### AIM OF THE EXERCISE
Please give back word for word the lines below, from the first one through the one with "Viterbo News 24".
[[ INPUT MATERIAL open ]]
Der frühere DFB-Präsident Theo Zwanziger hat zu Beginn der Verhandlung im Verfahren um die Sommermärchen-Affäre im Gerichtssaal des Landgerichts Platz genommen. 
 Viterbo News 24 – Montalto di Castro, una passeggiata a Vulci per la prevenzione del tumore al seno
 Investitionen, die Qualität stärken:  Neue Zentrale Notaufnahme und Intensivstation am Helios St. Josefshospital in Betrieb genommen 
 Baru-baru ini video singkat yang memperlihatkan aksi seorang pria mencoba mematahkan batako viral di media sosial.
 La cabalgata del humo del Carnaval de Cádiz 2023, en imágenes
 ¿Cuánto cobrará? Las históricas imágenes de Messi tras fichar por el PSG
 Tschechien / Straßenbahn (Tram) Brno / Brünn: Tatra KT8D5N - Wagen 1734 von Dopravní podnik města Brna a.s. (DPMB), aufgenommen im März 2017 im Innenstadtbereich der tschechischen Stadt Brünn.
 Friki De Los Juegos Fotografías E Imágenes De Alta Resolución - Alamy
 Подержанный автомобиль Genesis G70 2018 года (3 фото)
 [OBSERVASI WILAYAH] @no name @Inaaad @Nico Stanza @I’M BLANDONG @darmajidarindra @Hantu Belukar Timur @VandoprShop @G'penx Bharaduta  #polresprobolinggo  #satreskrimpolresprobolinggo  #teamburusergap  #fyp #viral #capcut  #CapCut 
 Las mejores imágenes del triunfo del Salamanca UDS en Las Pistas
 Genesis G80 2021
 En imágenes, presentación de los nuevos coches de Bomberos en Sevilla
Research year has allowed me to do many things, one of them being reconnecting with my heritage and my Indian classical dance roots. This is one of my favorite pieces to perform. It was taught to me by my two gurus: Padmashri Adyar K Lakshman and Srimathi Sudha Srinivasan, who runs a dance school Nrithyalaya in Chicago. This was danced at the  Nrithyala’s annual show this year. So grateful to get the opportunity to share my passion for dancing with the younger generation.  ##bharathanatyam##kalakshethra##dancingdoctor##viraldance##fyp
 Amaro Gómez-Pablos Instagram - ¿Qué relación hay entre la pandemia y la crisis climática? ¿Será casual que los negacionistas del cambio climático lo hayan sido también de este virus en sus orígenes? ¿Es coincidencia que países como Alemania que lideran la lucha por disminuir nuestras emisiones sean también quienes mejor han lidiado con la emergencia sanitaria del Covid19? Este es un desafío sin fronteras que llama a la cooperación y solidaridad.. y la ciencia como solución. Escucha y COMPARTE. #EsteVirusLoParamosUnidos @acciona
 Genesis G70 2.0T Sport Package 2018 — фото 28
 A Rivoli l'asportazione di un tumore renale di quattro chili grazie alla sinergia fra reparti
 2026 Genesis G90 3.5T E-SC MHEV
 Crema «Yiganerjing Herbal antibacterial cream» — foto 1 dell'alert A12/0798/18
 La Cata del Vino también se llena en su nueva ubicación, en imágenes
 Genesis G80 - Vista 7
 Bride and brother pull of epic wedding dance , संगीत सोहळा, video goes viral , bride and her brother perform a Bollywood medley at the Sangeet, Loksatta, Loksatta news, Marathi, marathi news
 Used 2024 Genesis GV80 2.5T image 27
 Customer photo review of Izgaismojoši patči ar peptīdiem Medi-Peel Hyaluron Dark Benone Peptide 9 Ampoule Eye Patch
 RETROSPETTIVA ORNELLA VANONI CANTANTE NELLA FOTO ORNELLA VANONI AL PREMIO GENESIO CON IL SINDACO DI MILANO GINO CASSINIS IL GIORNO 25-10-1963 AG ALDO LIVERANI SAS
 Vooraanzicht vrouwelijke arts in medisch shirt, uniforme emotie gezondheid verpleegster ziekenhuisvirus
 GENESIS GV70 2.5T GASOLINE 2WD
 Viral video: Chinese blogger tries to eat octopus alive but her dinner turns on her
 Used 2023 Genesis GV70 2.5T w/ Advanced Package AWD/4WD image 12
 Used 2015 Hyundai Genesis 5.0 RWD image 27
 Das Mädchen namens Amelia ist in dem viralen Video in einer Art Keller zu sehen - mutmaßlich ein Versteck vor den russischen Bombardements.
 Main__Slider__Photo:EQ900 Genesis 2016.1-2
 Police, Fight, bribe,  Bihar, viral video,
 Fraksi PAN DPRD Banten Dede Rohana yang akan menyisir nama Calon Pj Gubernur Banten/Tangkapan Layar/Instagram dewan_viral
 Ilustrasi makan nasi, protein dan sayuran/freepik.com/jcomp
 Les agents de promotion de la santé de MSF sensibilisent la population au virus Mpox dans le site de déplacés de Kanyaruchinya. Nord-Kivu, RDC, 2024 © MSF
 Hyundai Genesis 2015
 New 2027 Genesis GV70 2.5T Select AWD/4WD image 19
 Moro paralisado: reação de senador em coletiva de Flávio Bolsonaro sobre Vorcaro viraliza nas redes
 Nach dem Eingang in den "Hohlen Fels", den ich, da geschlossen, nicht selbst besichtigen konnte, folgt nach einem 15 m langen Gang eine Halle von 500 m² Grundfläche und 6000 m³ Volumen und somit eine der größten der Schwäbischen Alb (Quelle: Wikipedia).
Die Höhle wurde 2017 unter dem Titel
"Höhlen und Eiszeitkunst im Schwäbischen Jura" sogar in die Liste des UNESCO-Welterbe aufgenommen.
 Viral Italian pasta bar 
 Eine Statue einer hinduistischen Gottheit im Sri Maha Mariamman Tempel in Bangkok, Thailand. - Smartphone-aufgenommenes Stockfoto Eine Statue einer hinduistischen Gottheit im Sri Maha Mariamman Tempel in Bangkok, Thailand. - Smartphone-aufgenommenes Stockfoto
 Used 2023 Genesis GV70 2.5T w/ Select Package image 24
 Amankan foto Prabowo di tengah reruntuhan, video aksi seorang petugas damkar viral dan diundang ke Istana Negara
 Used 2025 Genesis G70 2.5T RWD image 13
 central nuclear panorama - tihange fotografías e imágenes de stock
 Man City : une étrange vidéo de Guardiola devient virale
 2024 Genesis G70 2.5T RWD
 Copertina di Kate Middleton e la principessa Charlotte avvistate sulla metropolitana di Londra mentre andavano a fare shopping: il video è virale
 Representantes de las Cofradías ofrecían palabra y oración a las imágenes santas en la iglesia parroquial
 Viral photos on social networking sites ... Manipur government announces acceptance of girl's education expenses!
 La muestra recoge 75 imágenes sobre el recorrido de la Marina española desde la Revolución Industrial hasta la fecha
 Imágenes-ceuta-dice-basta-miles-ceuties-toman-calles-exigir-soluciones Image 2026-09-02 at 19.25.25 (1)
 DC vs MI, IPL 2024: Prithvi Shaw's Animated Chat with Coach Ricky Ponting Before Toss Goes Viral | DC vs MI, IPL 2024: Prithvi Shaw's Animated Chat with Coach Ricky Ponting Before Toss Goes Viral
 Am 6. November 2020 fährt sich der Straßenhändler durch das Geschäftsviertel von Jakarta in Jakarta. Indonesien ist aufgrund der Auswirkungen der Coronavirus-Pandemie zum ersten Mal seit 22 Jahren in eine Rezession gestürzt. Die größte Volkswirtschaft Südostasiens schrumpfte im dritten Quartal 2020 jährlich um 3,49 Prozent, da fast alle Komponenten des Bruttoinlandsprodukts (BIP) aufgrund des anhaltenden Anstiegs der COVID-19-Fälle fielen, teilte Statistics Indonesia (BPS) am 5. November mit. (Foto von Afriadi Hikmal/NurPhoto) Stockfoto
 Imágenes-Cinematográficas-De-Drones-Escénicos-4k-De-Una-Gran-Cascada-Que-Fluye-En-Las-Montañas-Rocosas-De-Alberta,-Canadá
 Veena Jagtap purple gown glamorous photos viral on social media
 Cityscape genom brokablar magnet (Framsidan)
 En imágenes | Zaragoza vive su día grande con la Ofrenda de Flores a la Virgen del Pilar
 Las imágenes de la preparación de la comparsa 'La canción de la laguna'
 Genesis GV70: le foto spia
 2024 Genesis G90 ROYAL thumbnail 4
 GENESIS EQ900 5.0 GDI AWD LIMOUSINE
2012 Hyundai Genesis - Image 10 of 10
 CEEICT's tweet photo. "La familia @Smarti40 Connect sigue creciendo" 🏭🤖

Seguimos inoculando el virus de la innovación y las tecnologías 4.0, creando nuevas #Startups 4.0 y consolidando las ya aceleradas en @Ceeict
[[ INPUT MATERIAL closed ]]
### TASK SOLUTION
Der frühere DFB-Präsident Theo Zwanziger hat zu Beginn der Verhandlung im Verfahren um die Sommermärchen-Affäre im Gerichtssaal des Landgerichts Platz genommen. 
 Viterbo News 24 – Montalto di Castro, una passeggiata a Vulci per la prevenzione del tumore al seno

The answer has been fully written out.